Side note: One of my professors in rabbinical school used to quote his wife, who wrote children’s books, as getting to a point in the plot and then saying, “let’s make it worse,” meaning, let’s get the protagonists into deeper trouble. My subconscious was apparently taking notes.
So if standing unprepared in front of a congregation† is not adequately terrifying, how is the situation made worse? Yom Kippur falls on the same day as Christmas (by the way, this can’t happen), which means I’m holding services in some hotel in a beach community. I had to fly to get there, and for some reason was bringing my cat, Artemis with me. Except I left her on the plane when I changed planes in Cincinatti. Which completely freaked me out. But I didn’t realize this until I reached the hotel. I spend hours on the phone trying to figure out where she is, and chasing around the airport, at which point I realize I’m hours late for the services I’m supposed to lead. Not only that, but I’ve forgotten it’s Yom Kippur and had 3 cups of coffee (Yom Kippur is a fast, no food, no drinks). So I finally get to the chapel at the hotel, to a bunch of somewhat displeased congregants, who were wondering if I’d ever show up.

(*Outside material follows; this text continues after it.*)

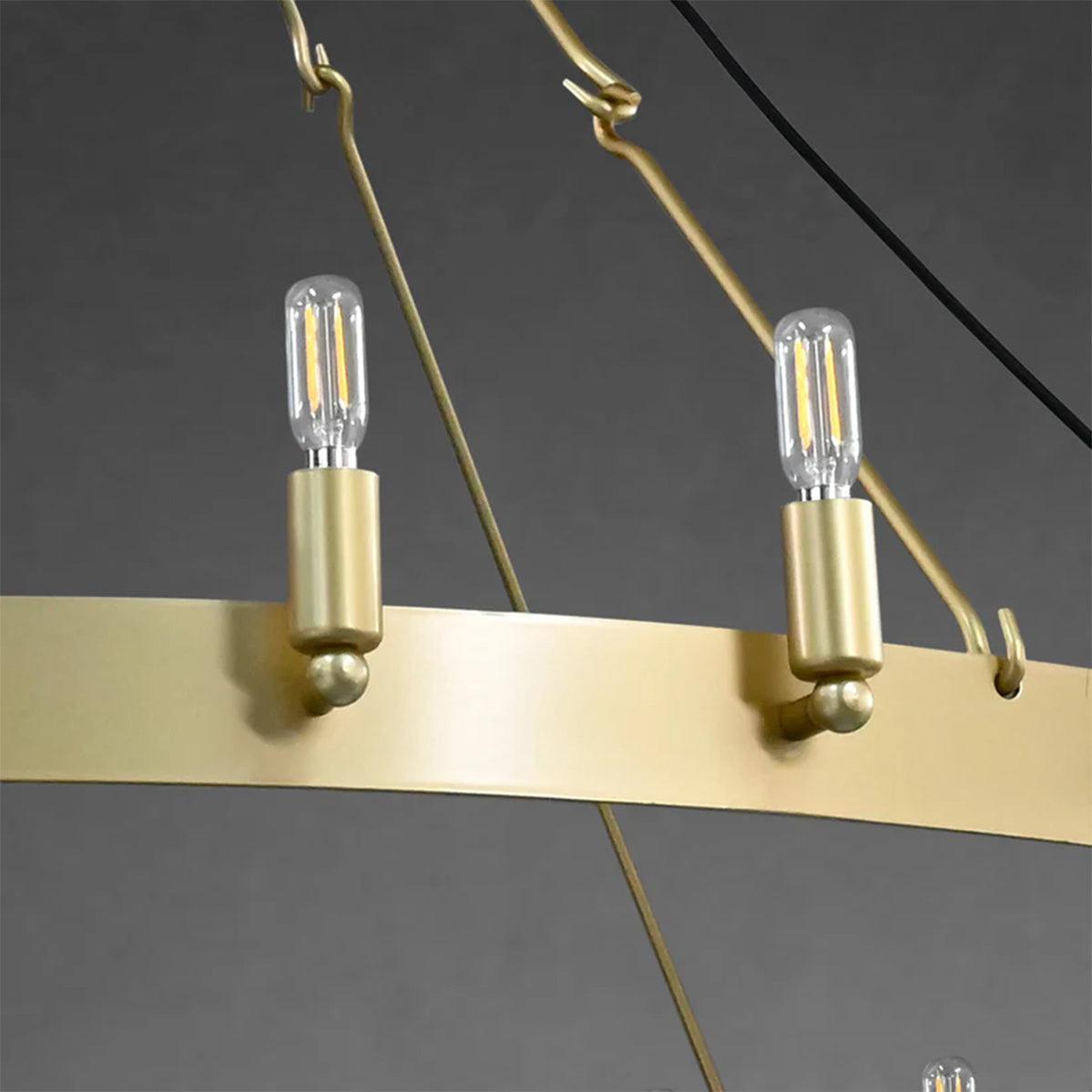 Camine Vintage Candelabra Round Chandelier 63"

The little chapel in the hotel has prayerbooks, but they are all a mishmash of various differnt ones, so page numbers and wording will all be different. But the congregation all seems okay with that. They tell me that’s how they do it every year: I sh0uld just pick my favorite prayerbook and they will follow along in theirs. And wonders of wonders, they have the prayerbook I’m most familiar with. I’m feeling better again, because I can fake my way through the service. So I open up the prayerbook, and begin the first Yom Kippur prayer before I find my place, because I know the beginnning. Except, as I flip through, I realize I’m having a little trouble reading the Hebrew…and it doesn’t seem to be laid out the way I expect. In fact, I realize this must have been a very early hand written copy of this prayerbook, when it was in draft state (this is a prayerbook, by the way, which was composed in the last 15 years, and was never handwritten, but a word-processed manuscript would not have served the needs of my subconscious). So I had a lot of trouble navigating, and only then discovered that in this draft of the prayerbook, the prayer I was singing had been left out for theological reasons, and I’d reached the limits of my memory. Not only that, but certain congregants were correcting me in ever more disapproving tones.

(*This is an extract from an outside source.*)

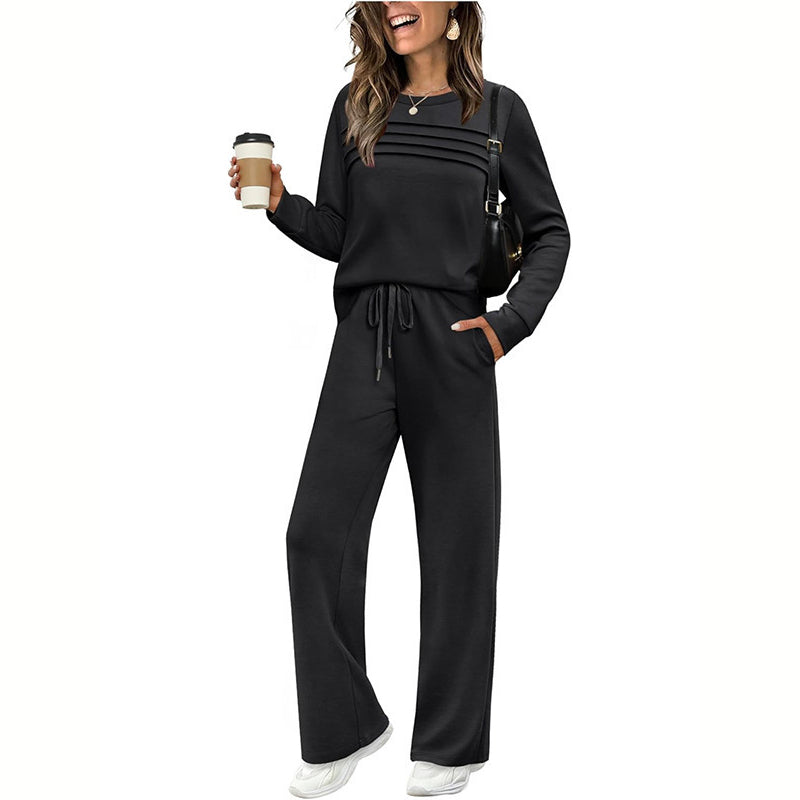Women's Solid Color 2-Piece Lounge Set – Cozy Athleisure Outfit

To make matters worse, the congregation was getting bored and wanted to go to the beach, so I was trying to lead services while on the bus to the beach, which was distracting because the bus driver wasn’t stopping at all the stops, and people were getting annoyed with him, and just started jumping out the rear door at whatever point they wanted to get† off, even though the bus was moving at 30 miles an hour.
Fortunately, at about this point, my alarm went off.
I’m hoping you find this as humorous as I do, in retrospect. Otherwise, this is deeply self-indulgent navel-gazing in public, which could be fodder for another nightmare.